Kilkenny town inspires a literary gem

Joe Kearney signs his book for Marianne Kelly

Keogh’s pub in Callan was packed to the rafters last Friday for the launch of The Beekeeper and the River, a collection of short stories by Dr. Joe Kearney, who returned in triumph to his native town for the event.

The launch was followed by a marathon series of trips down memory lane and a lively music session. Locals reminisced or sang their hearts out. Joe accompanied them on guitar, as lullabies and folk songs pulled revelers into the mists of yesteryear.

After leaving Callan following his education at the CBS Joe worked for a while in the oil industry before opting to pursue a full-time writing career. He quickly became a household name for his popular contributions to RTE’s Sunday Miscellany and he produced a number of award-winning documentaries.

His conferral with a doctorate of literature at UCD was a proud achievement for the Callan man, who has entered the town’s illustrious Hall of Fame alongside Edmund Rice, founder of the Christian Brothers, King Nail Caille, after whom the river is named, world-renowned artist Tony O’ Malley (about whom Joe has written illuminating essays) and writher Tom Kilroy, whose the novel The Big Chapel became a literary sensation in the 1970s.

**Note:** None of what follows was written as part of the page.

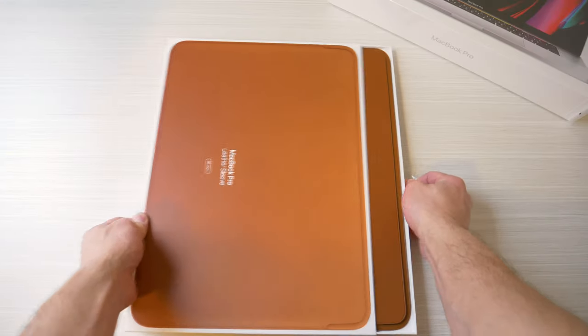Hey guys, Devin from Decon here and I want to take a quick look at Apple's new custom sleeve for the 16-inch MacBook Pro, which comes in three different color options: black, midnight blue, and brown, which is what I have right here.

Launching Joe’s book, retired school Principal Frank McKenna hailed it as both a fine piece of creative writing and a valuable social history.

The stories shine a light on the Callan of Joe’s youth and childhood, the outstanding characters of the era; the struggles, joys, everyday routines, and occasionally life-changing experiences of townsfolk as they navigated that “other country” of the past.

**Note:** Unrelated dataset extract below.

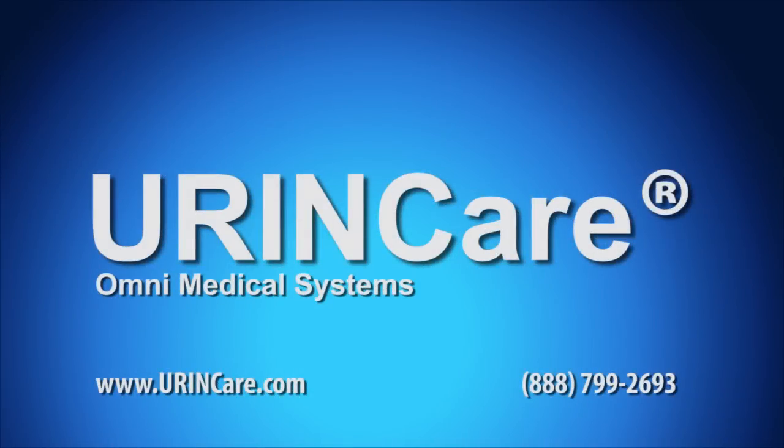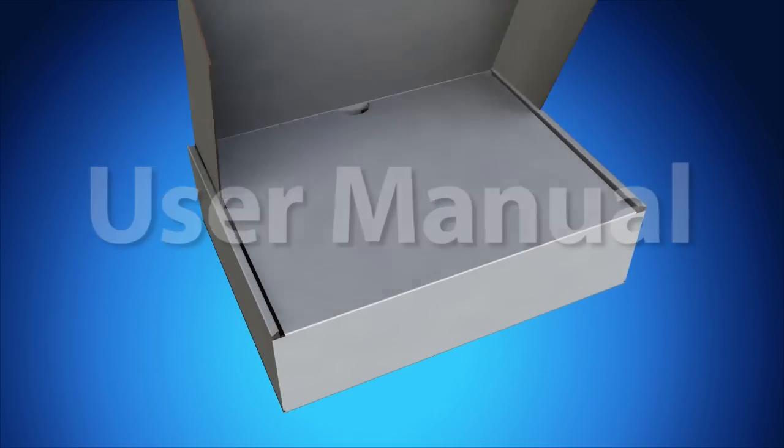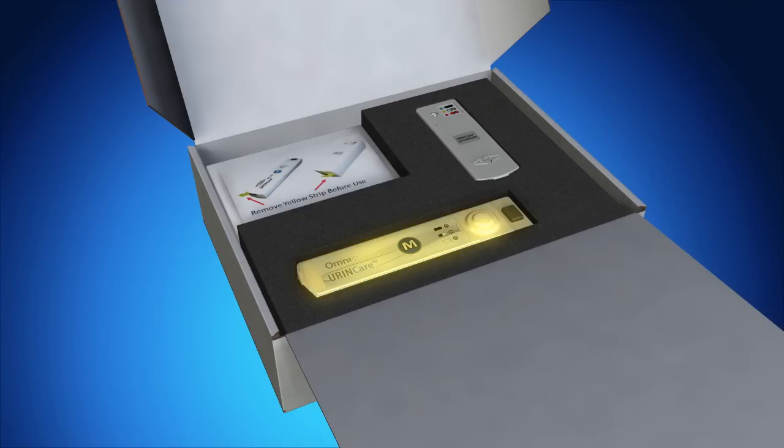UrineCare Incontinence Management System — The User Manual. The control device kit contains the user manual, the control device, two battery packs, a charger, and a wall adapter power supply.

The King’s River looms large as you read this collection…the river that flows through the town also threads through all of the stories, its mood changing with the seasons like the moods and fortunes of the people who live in its shadow.

Frank McKenna recalled his own mixed memories of the “shape-shifting” river, how it lost its romantic lustre when it flooded half the town. His own house succumbed one morning and his heart dropped to see biscuit tins and furniture floating out into the street.

Frank rhapsodized about the author’s literary prowess, opining that what Patrick Kavanagh had done for the “stony gray soil of Monaghan” Joe had achieved for Callan. The author had stored away images… uploaded them into his head all those years before computers were invented and had now in a sense downloaded them as finely-sculpted prose in his collection.

The book brings a bygone age and images of another Ireland to life, people like the” Ducker Daly”, the “Bugler”, the tale of an alleged “trout tickler” who haunted the river, Joe’s own role in the arrival of “flower Power” in Callan, and the clockmaker by whose iconic time piece displayed in his shop window in the “narrow street” you could always set your watch.

Fair days, the show-band era and pub life feature, and he explores how different people coped with the multiple pressures of living in a more demanding close- to- impoverished social milieu.

Joe Kearney told the gathering at Keogh’s that his early years in Callan provided him with a mine of precious material for the book. He owed much to the secondary school, he felt, and its enlightened teachers, but also to the rough-and-tumble of growing up in challenging times.

He recalled buying his first pack of woodbines in Nolan’s shop in West Street, and having his first smoke amid the gravestones in Miko Molloy’s yard. “I stole my first kiss beside a gravestone too…in Kilbride cemetery” he added. He laughed at how Mrs. Nolan used to collect all the handballs that fell over her wall adjoining the school and sold them in her shop.

In economically bleak times, there was a prevailing sentiment locally that the best view of Callan in the 1950s and 60s was in a rear view mirror, Joe lamented.

But the same mirror served him well, capturing a set of past images and experiences that he committed to paper. Thanks to Joe Kearney, these cultural gems and superlative literary insights have not been lost to this or future generations.

The Beekeeper and the River is published by Ballpoint Press and costs E14.99.